### Exercise aim
Though the entries contain pictures, the copy you make should hold only the rest, exactly as written.
═════ Source records
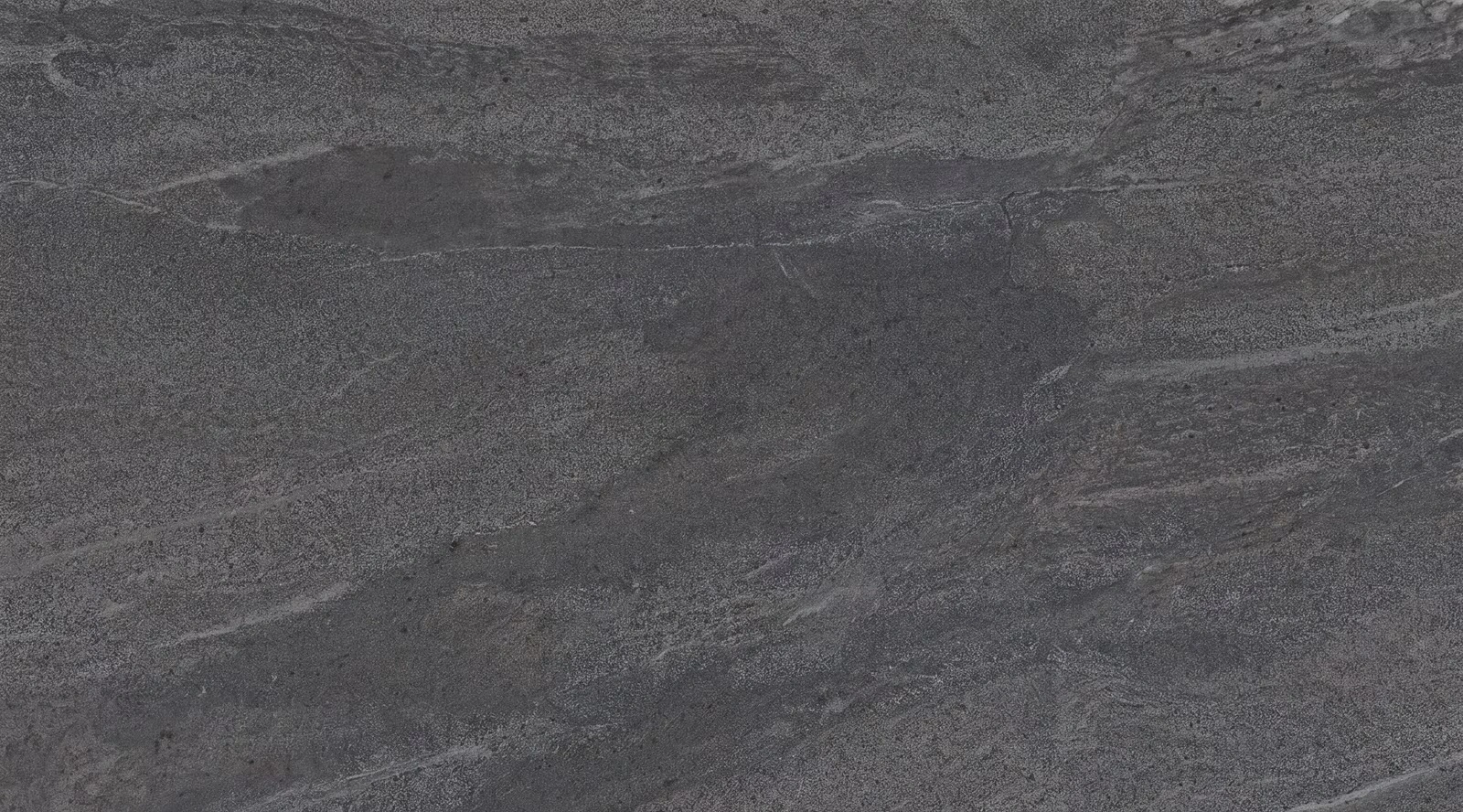 Starline — 24x48 Grey Owl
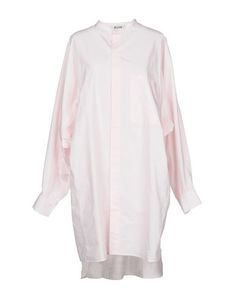 Короткое платье Acne Studios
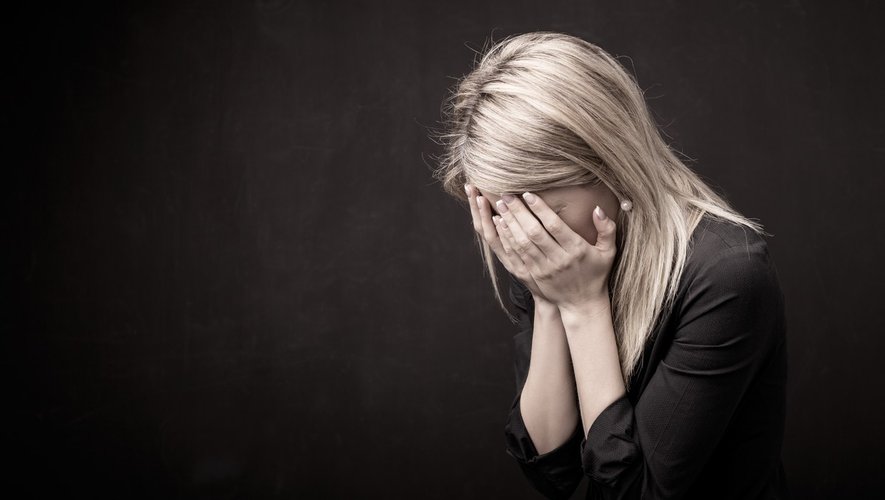 Les victimes de violences conjugales, plus à risque de maladies chroniques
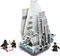 LEGO Star Wars - Imperial Shuttle Vorschaubild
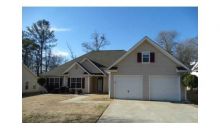 3082 Needhams Court Ellenwood, GA 30294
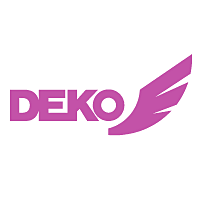 Download DEKO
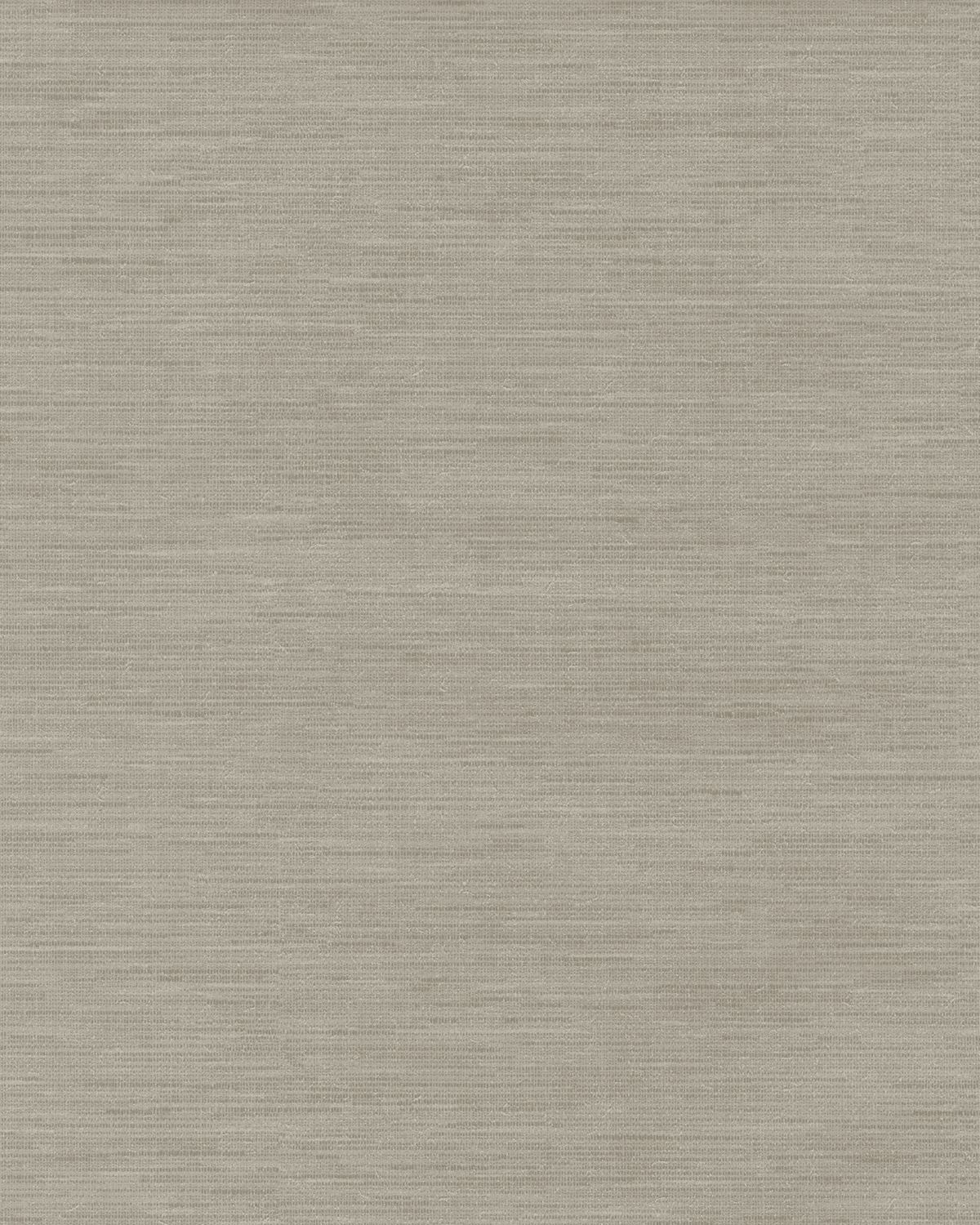 417038 - Bellissimo Sienna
══════════
### Result for this task
 Starline — 24x48 Grey Owl
 Короткое платье Acne Studios
 Les victimes de violences conjugales, plus à risque de maladies chroniques
 LEGO Star Wars - Imperial Shuttle Vorschaubild
 3082 Needhams Court Ellenwood, GA 30294
 Download DEKO
 417038 - Bellissimo Sienna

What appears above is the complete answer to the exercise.